In his new book Mafia Summit: J. Edgar Hoover, The Kennedy Brothers, and the Meeting that Unmasked the Mob author Gil Reavill provides the back story on the infamous meeting, and an excerpt is reprinted by the Daily News:
On the agenda: heroin, Cuba, divvying up Albert Anastasia's piece of the pie. Also, the elephant in the room, how best to recognize Vito's status in the overheated, competitive world of the Five Families of New York City.
Genovese's presence overwhelms the gathering. The "Right Man" is sitting right there. He wants to be crowned.
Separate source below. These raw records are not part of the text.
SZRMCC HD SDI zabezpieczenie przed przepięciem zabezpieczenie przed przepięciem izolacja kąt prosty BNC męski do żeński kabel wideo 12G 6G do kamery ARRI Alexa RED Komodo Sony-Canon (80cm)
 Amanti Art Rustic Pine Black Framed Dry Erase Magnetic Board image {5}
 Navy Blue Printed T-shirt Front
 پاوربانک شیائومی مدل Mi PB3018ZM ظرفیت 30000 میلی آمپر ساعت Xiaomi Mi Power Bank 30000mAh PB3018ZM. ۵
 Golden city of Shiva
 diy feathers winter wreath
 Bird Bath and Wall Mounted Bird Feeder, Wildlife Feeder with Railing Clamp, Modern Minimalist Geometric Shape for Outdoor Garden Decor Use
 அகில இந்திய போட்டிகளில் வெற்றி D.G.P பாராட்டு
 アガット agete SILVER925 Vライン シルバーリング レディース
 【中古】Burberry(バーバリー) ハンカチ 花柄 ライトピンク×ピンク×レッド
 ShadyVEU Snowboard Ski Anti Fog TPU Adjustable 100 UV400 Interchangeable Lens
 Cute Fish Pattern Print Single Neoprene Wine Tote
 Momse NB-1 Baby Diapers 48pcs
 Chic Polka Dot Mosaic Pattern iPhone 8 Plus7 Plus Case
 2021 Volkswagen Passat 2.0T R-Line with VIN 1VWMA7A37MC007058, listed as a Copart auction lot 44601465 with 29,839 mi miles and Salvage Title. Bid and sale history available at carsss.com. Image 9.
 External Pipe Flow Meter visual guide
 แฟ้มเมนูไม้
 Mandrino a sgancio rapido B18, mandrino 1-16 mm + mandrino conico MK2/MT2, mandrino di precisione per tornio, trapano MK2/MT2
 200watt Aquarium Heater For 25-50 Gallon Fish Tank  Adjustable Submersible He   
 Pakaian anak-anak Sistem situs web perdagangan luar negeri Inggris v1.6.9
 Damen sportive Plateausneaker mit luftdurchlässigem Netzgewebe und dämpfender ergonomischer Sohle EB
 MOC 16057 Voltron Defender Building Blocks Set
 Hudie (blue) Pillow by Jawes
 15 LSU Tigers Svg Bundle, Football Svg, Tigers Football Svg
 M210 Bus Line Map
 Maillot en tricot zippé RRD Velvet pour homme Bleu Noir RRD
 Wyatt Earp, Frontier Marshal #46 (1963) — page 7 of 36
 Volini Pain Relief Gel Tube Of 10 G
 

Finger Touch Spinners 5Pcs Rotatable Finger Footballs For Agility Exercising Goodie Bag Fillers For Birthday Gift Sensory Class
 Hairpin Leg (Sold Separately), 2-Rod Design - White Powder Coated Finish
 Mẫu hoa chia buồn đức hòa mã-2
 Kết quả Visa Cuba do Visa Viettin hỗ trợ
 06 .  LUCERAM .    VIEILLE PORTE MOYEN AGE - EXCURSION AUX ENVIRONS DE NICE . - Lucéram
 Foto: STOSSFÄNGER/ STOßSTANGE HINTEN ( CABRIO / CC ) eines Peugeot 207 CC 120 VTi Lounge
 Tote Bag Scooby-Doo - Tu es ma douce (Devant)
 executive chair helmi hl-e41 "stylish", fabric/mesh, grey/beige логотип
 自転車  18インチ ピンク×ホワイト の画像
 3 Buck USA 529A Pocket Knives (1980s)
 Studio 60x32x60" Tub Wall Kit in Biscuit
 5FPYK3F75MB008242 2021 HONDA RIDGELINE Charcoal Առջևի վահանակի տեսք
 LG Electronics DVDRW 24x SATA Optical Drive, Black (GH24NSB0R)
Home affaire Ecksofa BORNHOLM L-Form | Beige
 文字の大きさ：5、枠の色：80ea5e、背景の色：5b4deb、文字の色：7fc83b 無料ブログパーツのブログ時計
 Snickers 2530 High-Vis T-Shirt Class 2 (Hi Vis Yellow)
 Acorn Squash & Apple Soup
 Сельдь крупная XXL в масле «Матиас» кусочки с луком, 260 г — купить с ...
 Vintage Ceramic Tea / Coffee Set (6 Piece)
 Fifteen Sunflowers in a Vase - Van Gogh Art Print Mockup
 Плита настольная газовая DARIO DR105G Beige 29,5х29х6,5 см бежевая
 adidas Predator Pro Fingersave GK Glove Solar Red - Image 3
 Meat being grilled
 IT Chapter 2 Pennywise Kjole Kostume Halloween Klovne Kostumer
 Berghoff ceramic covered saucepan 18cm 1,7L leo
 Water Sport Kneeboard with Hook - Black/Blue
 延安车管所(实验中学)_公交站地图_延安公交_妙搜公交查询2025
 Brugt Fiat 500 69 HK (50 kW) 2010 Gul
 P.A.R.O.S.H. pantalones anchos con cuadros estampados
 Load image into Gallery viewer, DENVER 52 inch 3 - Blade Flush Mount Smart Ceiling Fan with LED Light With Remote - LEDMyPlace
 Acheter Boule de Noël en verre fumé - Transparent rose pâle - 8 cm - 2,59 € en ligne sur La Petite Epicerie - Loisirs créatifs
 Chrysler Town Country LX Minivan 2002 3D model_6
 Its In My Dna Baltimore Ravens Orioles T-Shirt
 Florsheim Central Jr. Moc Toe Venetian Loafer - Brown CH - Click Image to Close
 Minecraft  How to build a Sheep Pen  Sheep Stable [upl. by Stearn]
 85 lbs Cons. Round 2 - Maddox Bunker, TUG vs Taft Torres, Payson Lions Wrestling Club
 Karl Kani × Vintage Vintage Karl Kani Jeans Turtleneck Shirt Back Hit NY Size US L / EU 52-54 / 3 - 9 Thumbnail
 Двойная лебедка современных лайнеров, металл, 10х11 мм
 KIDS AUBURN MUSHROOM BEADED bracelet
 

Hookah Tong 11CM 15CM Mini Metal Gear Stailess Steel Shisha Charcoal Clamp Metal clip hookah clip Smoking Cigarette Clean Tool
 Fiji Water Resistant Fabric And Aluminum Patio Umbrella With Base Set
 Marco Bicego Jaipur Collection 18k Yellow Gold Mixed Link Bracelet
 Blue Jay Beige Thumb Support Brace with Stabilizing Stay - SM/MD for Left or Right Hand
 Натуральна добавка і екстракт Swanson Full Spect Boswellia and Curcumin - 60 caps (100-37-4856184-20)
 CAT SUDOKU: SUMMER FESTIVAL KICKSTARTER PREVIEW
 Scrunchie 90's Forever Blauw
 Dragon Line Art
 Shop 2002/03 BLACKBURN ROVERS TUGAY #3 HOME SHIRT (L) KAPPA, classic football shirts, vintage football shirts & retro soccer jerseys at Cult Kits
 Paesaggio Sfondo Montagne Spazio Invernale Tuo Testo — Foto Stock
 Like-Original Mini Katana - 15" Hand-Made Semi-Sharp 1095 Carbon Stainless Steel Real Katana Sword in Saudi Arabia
He wants the capo dei capi, the boss-of-bosses title. With Costello wounded and out of the way, and Anastasia dead, who is there to deny him?
It doesn't look as though a simple "godfather" label is going to do it for Vito. Maybe just plain "God"? How about that? Would that satisfy his unquenchable thirst for power?
Following the Apalachin bust the FBI in 1958 released its so-called Mafia Monograph by which it at long last definitively recognized that "available evidence shows that beyond the shadow of a doubt, the Mafia does exist today in the United States, as well as in Sicily and Italy, as a vicious, evil, and tyrannical form of organized criminality."